Wetenschap
Necrodynamica
donderdag 20 september 2018

Stel, je bent archeoloog en je vindt een graf. Wat vertelt dat over hoe de samenleving waartoe de overledene behoorde omging met haar doden? Je kan dan naar de materialen kijken, maar ook naar de houding van de menselijke resten. Waren de handen op de borst gevouwen, is iemand in kleermakerszit bij de voorouders gezet?

Dan zou het mooi zijn als de skeletten en mummies ook netjes in dezelfde houding bleven na de eventuele ceremonie. Dat is echter niet zo. Hoe het stoffelijk overschot behandeld is en wat er daarna mee gebeurt, beïnvloeden welke spieren en pezen het langst heel blijven. En dan kunnen er nog plantenwortels, dieren en aardbevingen met de botten in de weer gaan, in een hele verzameling processen die archeologen ‘necrodynamica’ noemen. (Tip: mocht iemand op zoek zijn naar een naam voor een metalband: deze is nog vrij.)

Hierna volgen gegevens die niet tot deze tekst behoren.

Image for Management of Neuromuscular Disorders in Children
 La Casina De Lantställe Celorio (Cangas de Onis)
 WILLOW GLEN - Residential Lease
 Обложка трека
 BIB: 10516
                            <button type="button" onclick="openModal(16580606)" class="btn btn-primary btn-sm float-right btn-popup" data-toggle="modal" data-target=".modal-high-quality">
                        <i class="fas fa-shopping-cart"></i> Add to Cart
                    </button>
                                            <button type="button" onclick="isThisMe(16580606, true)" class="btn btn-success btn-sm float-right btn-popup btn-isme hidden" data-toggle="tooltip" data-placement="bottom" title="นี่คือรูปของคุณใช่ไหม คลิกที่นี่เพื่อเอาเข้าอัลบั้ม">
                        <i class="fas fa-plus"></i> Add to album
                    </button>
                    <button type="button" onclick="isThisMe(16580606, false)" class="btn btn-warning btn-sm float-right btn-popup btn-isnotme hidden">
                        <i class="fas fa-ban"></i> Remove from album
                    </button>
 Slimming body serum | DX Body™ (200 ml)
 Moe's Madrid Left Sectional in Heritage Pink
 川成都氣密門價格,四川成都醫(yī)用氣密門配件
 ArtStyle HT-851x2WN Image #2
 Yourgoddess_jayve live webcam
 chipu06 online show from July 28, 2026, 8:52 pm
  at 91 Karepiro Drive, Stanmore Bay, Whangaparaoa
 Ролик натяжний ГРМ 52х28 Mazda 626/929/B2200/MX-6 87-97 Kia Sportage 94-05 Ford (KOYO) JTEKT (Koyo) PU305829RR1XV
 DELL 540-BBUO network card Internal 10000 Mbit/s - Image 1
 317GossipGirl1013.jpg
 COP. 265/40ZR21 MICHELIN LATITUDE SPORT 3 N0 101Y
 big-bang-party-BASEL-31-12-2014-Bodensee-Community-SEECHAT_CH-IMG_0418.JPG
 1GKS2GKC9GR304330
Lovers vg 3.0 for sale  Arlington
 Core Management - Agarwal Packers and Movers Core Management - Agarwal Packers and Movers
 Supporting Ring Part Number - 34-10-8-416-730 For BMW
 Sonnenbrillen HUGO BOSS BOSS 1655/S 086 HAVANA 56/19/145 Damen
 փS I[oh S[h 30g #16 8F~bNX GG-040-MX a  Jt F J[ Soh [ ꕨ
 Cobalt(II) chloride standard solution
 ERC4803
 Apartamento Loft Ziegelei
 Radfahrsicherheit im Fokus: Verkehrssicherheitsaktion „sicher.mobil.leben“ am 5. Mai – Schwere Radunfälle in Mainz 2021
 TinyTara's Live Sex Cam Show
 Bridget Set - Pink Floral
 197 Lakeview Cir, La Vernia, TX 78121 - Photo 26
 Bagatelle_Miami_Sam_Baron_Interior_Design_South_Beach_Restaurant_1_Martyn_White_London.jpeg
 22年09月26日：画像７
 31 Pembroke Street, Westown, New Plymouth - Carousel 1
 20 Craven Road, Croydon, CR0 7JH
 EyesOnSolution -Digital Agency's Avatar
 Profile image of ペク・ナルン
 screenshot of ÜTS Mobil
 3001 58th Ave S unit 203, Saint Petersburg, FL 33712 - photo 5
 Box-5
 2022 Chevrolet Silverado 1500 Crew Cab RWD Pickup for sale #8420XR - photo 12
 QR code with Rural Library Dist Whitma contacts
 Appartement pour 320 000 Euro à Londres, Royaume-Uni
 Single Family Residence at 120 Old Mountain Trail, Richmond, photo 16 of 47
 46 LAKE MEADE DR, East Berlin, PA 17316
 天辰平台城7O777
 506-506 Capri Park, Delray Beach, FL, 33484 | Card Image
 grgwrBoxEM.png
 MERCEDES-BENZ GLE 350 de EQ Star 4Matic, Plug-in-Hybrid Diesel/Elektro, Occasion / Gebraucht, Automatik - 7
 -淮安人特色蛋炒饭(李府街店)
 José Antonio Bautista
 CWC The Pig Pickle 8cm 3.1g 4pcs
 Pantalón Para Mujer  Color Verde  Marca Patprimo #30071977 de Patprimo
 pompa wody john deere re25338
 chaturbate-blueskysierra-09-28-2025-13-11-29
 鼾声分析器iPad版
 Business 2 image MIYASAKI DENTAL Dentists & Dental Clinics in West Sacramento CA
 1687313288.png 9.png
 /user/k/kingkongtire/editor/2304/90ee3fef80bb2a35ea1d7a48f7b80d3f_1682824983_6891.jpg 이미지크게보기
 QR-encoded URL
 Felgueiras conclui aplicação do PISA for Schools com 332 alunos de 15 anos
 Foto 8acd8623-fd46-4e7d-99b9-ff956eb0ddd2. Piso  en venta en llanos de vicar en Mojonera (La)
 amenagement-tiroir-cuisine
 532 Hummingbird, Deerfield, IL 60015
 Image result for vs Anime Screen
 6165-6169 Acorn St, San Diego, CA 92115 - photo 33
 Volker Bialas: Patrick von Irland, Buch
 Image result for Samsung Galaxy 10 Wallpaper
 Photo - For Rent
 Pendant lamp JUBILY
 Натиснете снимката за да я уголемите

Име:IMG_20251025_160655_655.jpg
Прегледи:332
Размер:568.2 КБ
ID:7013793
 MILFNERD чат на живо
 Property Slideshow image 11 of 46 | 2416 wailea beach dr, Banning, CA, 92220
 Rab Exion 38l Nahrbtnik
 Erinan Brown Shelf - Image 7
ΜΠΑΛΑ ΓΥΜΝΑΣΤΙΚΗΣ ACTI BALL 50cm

In het Journal of Archaeological Science: Reports beschrijft de Leidse archeologe Hayley Mickleburgh een aantal observaties vanaf een Amerikaanse Body Farm. Daar worden experimenten gedaan met de resten van mensen die hun lichaam aan de wetenschap hebben afgestaan. Mickleburgh en haar Amerikaanse mede-onderzoeker richtten zich in dit onderzoek op mensen die zittend begraven zijn. Of liever gezegd: op eentje, zittend begraven in een met de hand geschepte kuil, in de schaduw van een boom. Acht maanden lang hielden ze bij hoe de houding veranderde. Hoofd en torso zakken naar voren, de botten in de benen vallen op de grond als er te weinig pezen over zijn, en uiteindelijk blijft er een skelet over waarvan een onoplettende vinder zou denken dat het in de foetushouding begraven was, in plaats van zittend. De grote vraag is nou of je dat patroon van uiteenvallen ook zou zien in een ander klimaat, of bij iemand die na het overlijden was ingewreven met het een of ander.